Brexit — Europa sempre meno unita

Daniele Amatulli
Giovani Democratici Alberobello
3 min readJun 11, 2018

Il 23 giugno i cittadini britannici potranno decidere se essere ancora cittadini europei. Il cosiddetto Brexit si avvicina e si concretizzano sempre più le contraddizioni per una scelta che, volente o nolente, riguarda ogni componente dell’Unione Europea.

Se il premier Cameron si schiera per i pro-Europa, dopo aver ridefinito gli accordi di permanenza nell’UE, ritrova il Partito Conservatore spaccato nella scelta con un’ala nazionalista i cui animi non sono stati placati nemmeno dalla concessione del referendum.

La mancata permanenza della Gran Bretagna può avere risvolti negativi dal punto di vista economico per se e per l’UE, dato che potrebbe “paralizzare la crescita e creare problemi nei rapporti commerciali”, a detta del CEO di Allianz GI. Persino la Bank of England si esprime a riguardo, affermando che il Brexit causerebbe “contrazione dei posti di lavoro e un ulteriore rallentamento della crescita dell’economia del regno” oltre ad “un’impennata dell’inflazione”. Insomma, pare evidente che l’uscita dall’Europa causerebbe una riduzione dei redditi dei lavoratori a causa di una maggior inflazione e, in ogni caso, l’economia ne sarebbe colpita con grossi tagli ai posti di lavoro. Un enorme danno per l’economia britannica.

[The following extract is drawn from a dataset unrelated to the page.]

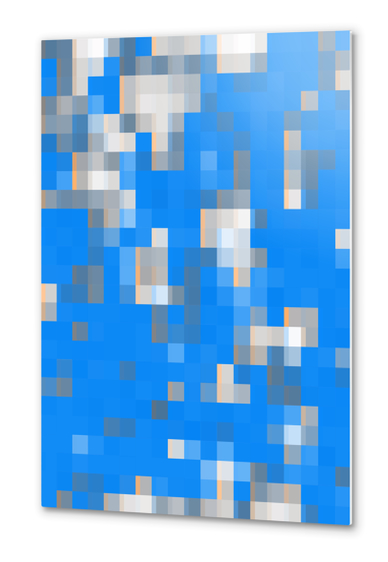 geometric pixel square pattern abstract background in blue Metal prints by Timmy333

I risvolti politici che potrebbe causare in Gran Bretagna sono allo stato attuale incalcolabili, ma se consideriamo il periodo storico — con crisi economica e il pericolo del terrorismo — si rischia un allargamento dei consensi per le parole d’ordine nazionaliste ed euroscettiche in tutta Europa. Ma se i risvolti in caso di vittoria degli euroscettici sono preoccupanti, una vittoria dei Pro-Europa confermerebbe gli accordi presi tra Cameron e l’Unione Europea.

Di fatto sono proprio i termini dell’accordo a preoccupare; Cameron rivendica uno statuto speciale e che mai farà parte del “superstato europeo”. L’elemento principale dell’accordo, oltre al tanto decantato recupero della sovranità, riguarda il limite per l’accesso dei lavoratori europei — accusati di sfruttare il sistema di walfare britannico — per 7 anni fino al 2024.
Il grado di autonomia per banche, assicurazioni e istituzioni finanziarie inglesi ha rappresentato il punto più delicato dell’accordo; un’autonomia ridimensionata — grazie all’opposizione di Francia, Germania, Italia, Lussemburgo e Belgio — dall’obbligo di condizioni di parità nel mercato interno, oltre a non essere esente dal controllo delle autorità europee.

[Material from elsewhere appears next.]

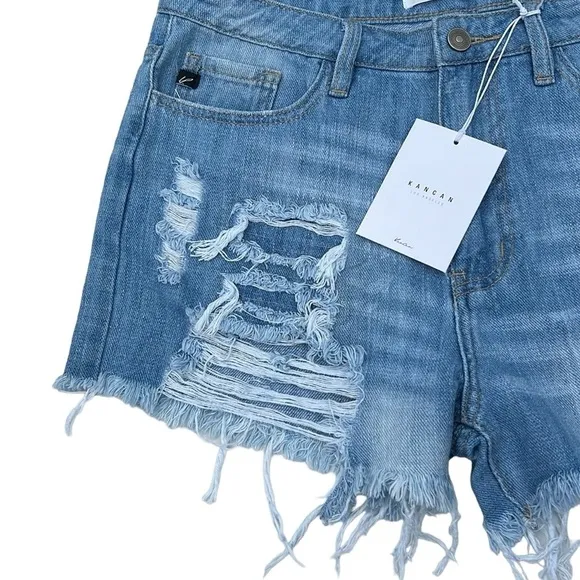 KanCan High Rise Distressed Denim Jean Shorts NWT Size Large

Ma l’accordo pare non essere stato digerito da tutti: L’Ukip (l’ala nazionalista con leader Nigel Farage) lo considera “patetico”, mentre anche il Partito Conservatore si spacca; non tutti seguiranno Cameron.

Se sul fronte interno la battaglia di Cameron si prospetta dura, il fronte europeo si interroga persino sugli effetti dell’accordo stesso. Un accordo che sradica, anche se solo in parte, i cardini della nostra Europa. Seppur la Gran Bretagna continuasse a far parte dell’Unione Europea, appaiono piuttosto evidenti le divergenze di vedute. Una visione conservatrice, più attenta alle sorti nazionali piuttosto che a quelle comunitarie, con la minaccia di una scissione in piena regola, si impone in un’Europa che deve cambiare per affrontare i temi contemporanei di immigrazione e terrorismo, ma che lo fa eliminando i concetti chiave e fondativi dell’Unione Europea. A prescindere dal risultato referendario, tutti i paesi membri potranno, d’ora in poi, far valere i propri interessi nazionali a discapito dell’Europa stessa; L’Unione Europea, di tutta risposta, per difendere la tenuta del mercato interno, dovrà trattare a ribasso i valori fondamentali che la reggono.

L’Unione Europea non può cambiare sulla base della sola bilancia politica di ogni singolo stato, dando ragione ora al volere di forze conservatrici, ora apertamente di estrema destra; Non si possono mettere in discussione i principi fondamentali dell’intera comunità solo per difendere gli interessi di una singola nazione. Allo stato attuale i diritti fondamentali, come Schengen, sono come carta straccia se non sanciti in un atto normativo fondamentale. L’evoluzione europea, la vera evoluzione comunitaria, risiede nel coraggio di ogni singolo Stato nazionale nell’avvicinare le istituzioni europee ai cittadini, potenziare la democraticità dell’Europa e nel puntare ad una integrazione più profonda tra i paesi. La Gran Bretagna, nel suo storico ruolo di egemone periferico dell’Europa, intende fare l’opposto.